User-Specific Taxonomy Mapping¶

Version: 1.0 Status: Stable Last Updated: 2026-02-24

This document explains how users can map core classifier labels to their own task categories without retraining the model.

1. Overview¶

The global classifier always predicts one of 8 core labels (see docs/guide/labels_v1.md). Different users may want to see different categories in their time reports. The taxonomy mapping layer sits after model prediction and converts core labels + probability vectors into user-defined buckets with aggregated probabilities.

Key properties:

Core predictions are never modified.
Mapping is deterministic given the same config and input.
Multiple core labels can map to the same user bucket (many-to-one).
Unmapped core labels fall into an automatic "Other" bucket.
Rejected predictions remain Mixed/Unknown regardless of mapping.

2. Config Format¶

Taxonomy configs are YAML files. See configs/user_taxonomy_example.yaml for a complete example.

Minimal example¶

version: "1.0"
label_schema_version: labels_v1

buckets:
  - name: "Deep Work"
    core_labels: [Build, Debug, Review, Write]
    color: "#2E86DE"

  - name: "Research"
    core_labels: [ReadResearch]
    color: "#9B59B6"

  - name: "Communication"
    core_labels: [Communicate, Meet]
    color: "#27AE60"

  - name: "Break"
    core_labels: [BreakIdle]
    color: "#7F8C8D"

Fields¶

Field	Required	Description
`version`	Yes	Config format version (currently `"1.0"`)
`label_schema_version`	No	Must be `labels_v1`
`user_id`	No	Ties config to a specific user
`display`	No	Display preferences (show_core_labels, default_view)
`reject`	No	Reject label name, whether to include in reports
`buckets`	Yes	List of user-facing categories (at least one)
`advanced`	No	Aggregation mode, reweighting, min confidence

Bucket fields¶

Field	Required	Description
`name`	Yes	Unique display name
`description`	No	Human-readable description
`core_labels`	Yes	List of core label names (at least one)
`color`	No	Hex color `#RRGGBB` (default: `#808080`)

3. Validation Rules¶

The following rules are enforced when loading a taxonomy config:

Every core_label in a bucket must be a valid CoreLabel member.
Bucket names must be unique.
Colors must be valid hex (#RRGGBB).
Reweight keys must be valid CoreLabel values with weight > 0.
At least one bucket is required.

If a core label is not in any bucket, it is automatically assigned to an implicit "Other" fallback bucket.
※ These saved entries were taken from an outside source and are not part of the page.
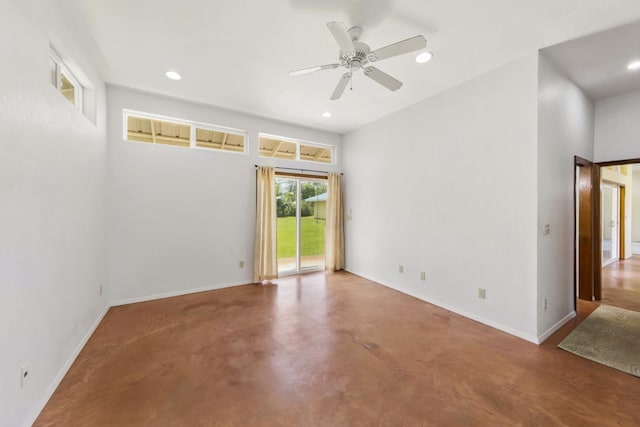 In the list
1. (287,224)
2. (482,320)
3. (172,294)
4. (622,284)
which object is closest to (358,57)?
(482,320)

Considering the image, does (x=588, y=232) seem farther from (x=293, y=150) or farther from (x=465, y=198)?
(x=293, y=150)

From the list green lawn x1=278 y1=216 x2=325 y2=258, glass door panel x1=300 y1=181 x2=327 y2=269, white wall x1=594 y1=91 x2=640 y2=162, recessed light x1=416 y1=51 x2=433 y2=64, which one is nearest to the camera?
recessed light x1=416 y1=51 x2=433 y2=64

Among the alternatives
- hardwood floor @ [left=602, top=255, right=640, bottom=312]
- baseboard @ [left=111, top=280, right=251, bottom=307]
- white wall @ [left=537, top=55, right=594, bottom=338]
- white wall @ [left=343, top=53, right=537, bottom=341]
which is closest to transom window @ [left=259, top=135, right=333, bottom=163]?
white wall @ [left=343, top=53, right=537, bottom=341]

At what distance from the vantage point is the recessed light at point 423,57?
263 cm

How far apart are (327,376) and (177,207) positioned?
3314 mm

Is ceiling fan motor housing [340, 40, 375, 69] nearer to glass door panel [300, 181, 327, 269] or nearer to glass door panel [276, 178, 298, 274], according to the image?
glass door panel [276, 178, 298, 274]

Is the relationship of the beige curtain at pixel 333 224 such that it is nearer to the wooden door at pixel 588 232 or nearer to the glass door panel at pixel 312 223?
the glass door panel at pixel 312 223

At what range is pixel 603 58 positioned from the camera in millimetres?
2643

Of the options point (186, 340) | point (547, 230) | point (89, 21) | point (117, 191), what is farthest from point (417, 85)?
point (117, 191)

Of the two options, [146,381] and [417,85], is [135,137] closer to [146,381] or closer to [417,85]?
[146,381]

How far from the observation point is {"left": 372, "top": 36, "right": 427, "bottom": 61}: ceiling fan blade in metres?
1.89

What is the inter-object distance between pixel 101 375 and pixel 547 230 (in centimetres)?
458

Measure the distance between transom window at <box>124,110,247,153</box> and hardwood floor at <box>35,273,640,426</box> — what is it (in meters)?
2.57

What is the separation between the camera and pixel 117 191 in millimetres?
3518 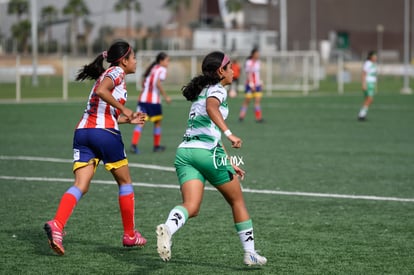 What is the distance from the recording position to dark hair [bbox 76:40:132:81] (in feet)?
28.5

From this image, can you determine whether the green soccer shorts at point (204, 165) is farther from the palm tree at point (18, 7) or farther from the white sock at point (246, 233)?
the palm tree at point (18, 7)

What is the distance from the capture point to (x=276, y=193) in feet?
41.7

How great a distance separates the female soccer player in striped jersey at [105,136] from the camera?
8352 millimetres

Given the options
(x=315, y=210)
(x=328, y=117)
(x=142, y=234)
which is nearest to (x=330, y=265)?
(x=142, y=234)

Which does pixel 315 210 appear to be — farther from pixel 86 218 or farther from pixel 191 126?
pixel 191 126

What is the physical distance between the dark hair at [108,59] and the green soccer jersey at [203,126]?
1320 mm

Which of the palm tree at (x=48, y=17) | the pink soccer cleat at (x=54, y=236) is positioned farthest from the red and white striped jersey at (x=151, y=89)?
the palm tree at (x=48, y=17)

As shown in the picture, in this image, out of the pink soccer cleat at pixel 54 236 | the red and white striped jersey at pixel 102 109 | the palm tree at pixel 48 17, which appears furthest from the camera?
the palm tree at pixel 48 17

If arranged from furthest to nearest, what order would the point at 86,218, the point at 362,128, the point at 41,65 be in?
1. the point at 41,65
2. the point at 362,128
3. the point at 86,218

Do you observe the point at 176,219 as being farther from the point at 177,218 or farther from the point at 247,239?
the point at 247,239

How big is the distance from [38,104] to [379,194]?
27831 mm

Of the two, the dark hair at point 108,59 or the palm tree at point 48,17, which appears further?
the palm tree at point 48,17

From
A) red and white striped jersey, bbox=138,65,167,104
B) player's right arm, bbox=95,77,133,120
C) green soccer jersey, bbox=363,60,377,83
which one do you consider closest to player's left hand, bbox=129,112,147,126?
player's right arm, bbox=95,77,133,120

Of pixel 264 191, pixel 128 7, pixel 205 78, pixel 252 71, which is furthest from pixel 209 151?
pixel 128 7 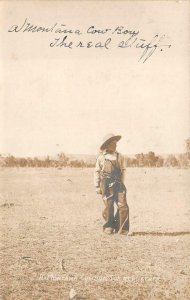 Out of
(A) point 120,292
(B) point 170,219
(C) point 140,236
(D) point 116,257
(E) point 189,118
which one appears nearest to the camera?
(A) point 120,292

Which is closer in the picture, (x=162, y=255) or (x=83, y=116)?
(x=162, y=255)

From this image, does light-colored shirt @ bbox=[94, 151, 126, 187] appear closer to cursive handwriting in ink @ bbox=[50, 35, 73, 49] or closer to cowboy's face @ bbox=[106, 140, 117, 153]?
cowboy's face @ bbox=[106, 140, 117, 153]

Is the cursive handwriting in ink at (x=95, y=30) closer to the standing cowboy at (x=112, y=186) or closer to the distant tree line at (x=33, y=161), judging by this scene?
the standing cowboy at (x=112, y=186)

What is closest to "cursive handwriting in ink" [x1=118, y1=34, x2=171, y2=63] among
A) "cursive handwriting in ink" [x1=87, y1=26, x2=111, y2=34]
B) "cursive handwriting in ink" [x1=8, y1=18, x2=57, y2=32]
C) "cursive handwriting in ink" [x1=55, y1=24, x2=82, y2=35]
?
"cursive handwriting in ink" [x1=87, y1=26, x2=111, y2=34]

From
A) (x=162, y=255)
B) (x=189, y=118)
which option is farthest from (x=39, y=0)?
(x=162, y=255)

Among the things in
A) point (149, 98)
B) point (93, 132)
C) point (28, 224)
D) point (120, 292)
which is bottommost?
point (120, 292)

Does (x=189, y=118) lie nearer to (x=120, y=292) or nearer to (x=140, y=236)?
(x=140, y=236)

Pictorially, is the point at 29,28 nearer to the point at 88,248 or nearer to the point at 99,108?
the point at 99,108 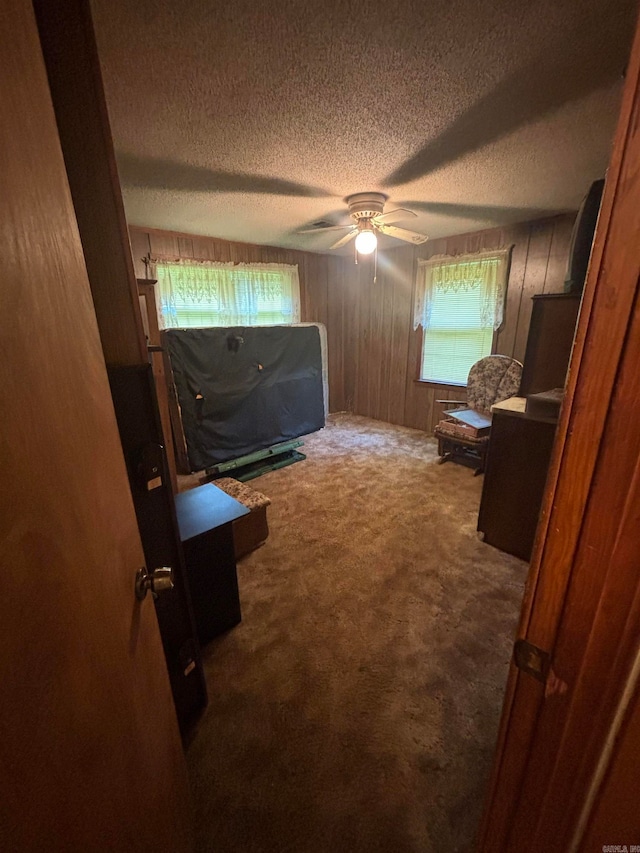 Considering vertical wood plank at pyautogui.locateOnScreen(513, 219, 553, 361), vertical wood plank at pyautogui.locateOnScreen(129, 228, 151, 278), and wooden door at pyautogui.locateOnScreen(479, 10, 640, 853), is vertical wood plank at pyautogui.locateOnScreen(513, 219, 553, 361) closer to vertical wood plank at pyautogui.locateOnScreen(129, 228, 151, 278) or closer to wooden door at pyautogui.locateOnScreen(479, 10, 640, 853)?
wooden door at pyautogui.locateOnScreen(479, 10, 640, 853)

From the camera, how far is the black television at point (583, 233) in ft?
5.63

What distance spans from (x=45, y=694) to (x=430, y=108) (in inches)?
85.8

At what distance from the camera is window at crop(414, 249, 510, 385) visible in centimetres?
361

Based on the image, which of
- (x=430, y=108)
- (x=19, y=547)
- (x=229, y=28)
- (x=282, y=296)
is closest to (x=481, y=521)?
(x=430, y=108)

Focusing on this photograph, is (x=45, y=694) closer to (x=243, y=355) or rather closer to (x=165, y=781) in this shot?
(x=165, y=781)

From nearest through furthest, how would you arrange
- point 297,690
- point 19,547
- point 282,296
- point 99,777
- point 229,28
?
point 19,547 → point 99,777 → point 229,28 → point 297,690 → point 282,296

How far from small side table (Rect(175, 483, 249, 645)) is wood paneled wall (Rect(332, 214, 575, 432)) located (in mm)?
3373

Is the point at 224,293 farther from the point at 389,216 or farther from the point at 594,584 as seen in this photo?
the point at 594,584

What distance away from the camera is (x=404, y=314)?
4438 millimetres

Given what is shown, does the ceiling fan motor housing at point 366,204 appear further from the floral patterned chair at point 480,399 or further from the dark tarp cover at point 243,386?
the floral patterned chair at point 480,399

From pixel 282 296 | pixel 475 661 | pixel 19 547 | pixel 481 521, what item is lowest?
pixel 475 661

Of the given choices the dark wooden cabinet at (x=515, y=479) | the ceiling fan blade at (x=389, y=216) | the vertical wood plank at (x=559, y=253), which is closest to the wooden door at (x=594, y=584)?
the dark wooden cabinet at (x=515, y=479)

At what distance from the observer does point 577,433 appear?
0.45m

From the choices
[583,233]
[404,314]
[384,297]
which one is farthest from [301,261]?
[583,233] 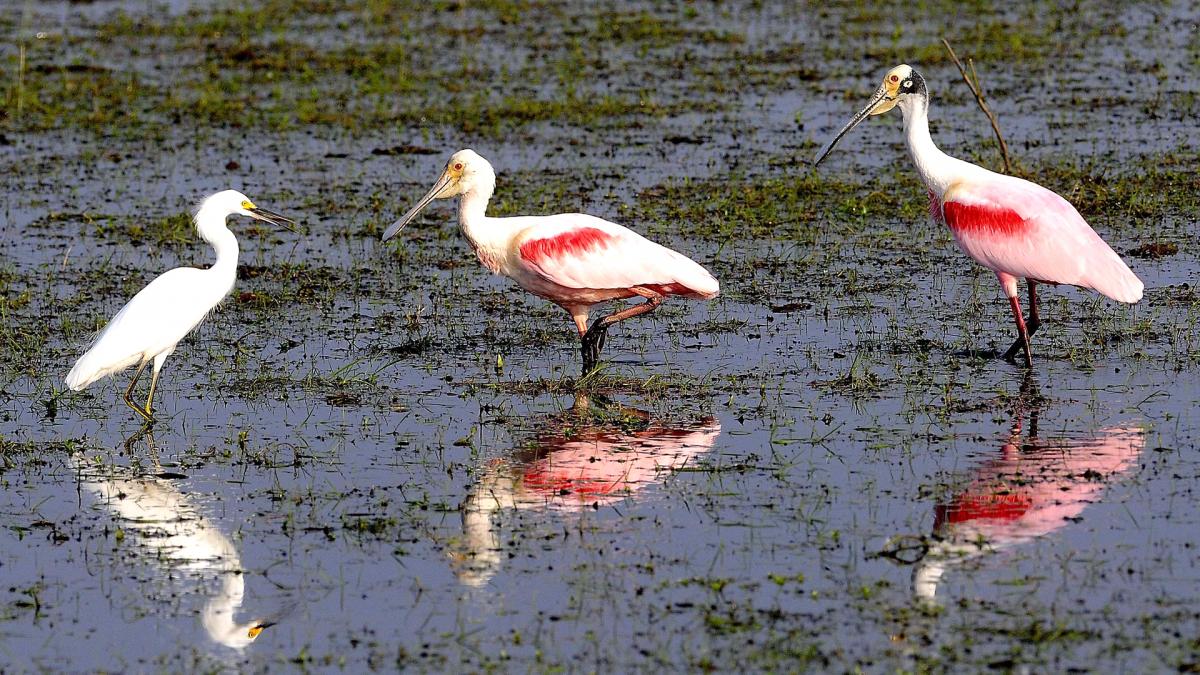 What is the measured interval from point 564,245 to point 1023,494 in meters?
3.06

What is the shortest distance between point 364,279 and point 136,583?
4833 mm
If validation fails, the system falls back to core labels only.

4. Probability Aggregation¶

When multiple core labels map to one bucket, their probabilities are combined.

Sum mode (default)¶

bucket_prob = sum(core_probs[i] for i in bucket.core_labels)

Example: if "Deep Work" maps Build + Debug + Write, and their core probabilities are 0.4 + 0.1 + 0.2, then bucket_prob = 0.7.

Max mode¶

bucket_prob = max(core_probs[i] for i in bucket.core_labels)

Set in the config:

advanced:
  probability_aggregation: "max"

After aggregation, bucket probabilities are normalized to sum to 1.0.

5. Reweighting¶

Advanced users can adjust the contribution of individual core labels without retraining:

advanced:
  reweight_core_labels:
    Build: 2.0
    BreakIdle: 0.5

Reweights are multiplied into core_probs before aggregation, then re-normalized. This lets users bias the mapping toward or away from specific activities.

6. CLI Commands¶

Validate a config¶

taskclf taxonomy validate --config configs/user_taxonomy.yaml

Show the mapping table¶

taskclf taxonomy show --config configs/user_taxonomy.yaml

Generate a default config¶

taskclf taxonomy init --out configs/user_taxonomy.yaml

This creates an identity mapping (one bucket per core label) as a starting point for customisation.

Use with batch inference¶

taskclf infer batch \
  --model-dir models/run_dir \
  --from 2025-06-10 --to 2025-06-15 \
  --taxonomy configs/user_taxonomy.yaml

Adds a mapped_label column to predictions.csv.

Use with online inference¶

taskclf infer online \
  --model-dir models/run_dir \
  --taxonomy configs/user_taxonomy.yaml

7. Integration Points¶

The taxonomy mapping layer fits into the inference pipeline as follows:

Model -> core_probs -> Reject check -> Taxonomy mapping -> mapped_label

Batch inference: run_batch_inference() accepts an optional taxonomy parameter. When set, BatchInferenceResult includes mapped_labels and mapped_probs.
Online inference: OnlinePredictor accepts an optional taxonomy parameter. predict_bucket() returns the mapped label when set.
Core label smoothing always operates on core labels; taxonomy mapping is applied afterwards.

8. Versioning¶

The taxonomy config has its own version field. Changes to:

Bucket definitions
Aggregation semantics
Reweight behavior

should bump the version. Taxonomy configs are user-editable and should be versioned alongside other project configs.